§ Exercise aim
With both ends included, repeat exactly the lines of the entries below from the one containing "BMW 3 330d xDrive 2020" down to the one containing "Photo DizzySquinterz (@dizzysquinterz) 's Twitter Profile Photo", and no others.

§ Recorded data
####################

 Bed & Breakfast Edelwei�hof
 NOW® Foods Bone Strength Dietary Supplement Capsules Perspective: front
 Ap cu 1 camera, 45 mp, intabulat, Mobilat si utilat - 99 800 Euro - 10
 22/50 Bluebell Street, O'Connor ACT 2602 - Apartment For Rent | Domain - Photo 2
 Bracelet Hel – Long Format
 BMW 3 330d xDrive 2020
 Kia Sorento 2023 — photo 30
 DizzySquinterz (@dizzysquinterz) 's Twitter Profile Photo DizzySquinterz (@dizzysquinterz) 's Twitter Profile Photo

####################

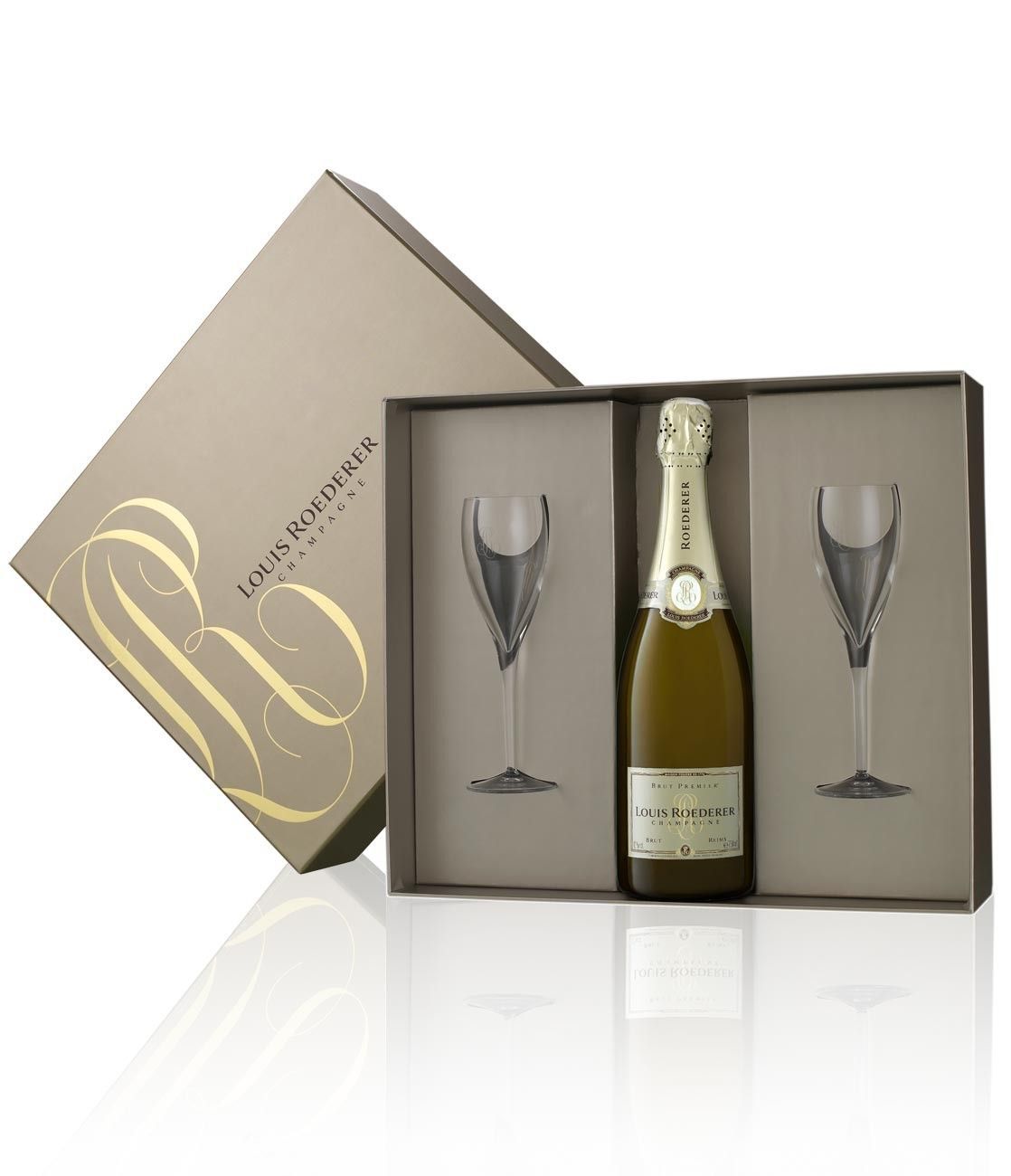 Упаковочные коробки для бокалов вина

####################

§ Completed exercise
 BMW 3 330d xDrive 2020
 Kia Sorento 2023 — photo 30
 DizzySquinterz (@dizzysquinterz) 's Twitter Profile Photo DizzySquinterz (@dizzysquinterz) 's Twitter Profile Photo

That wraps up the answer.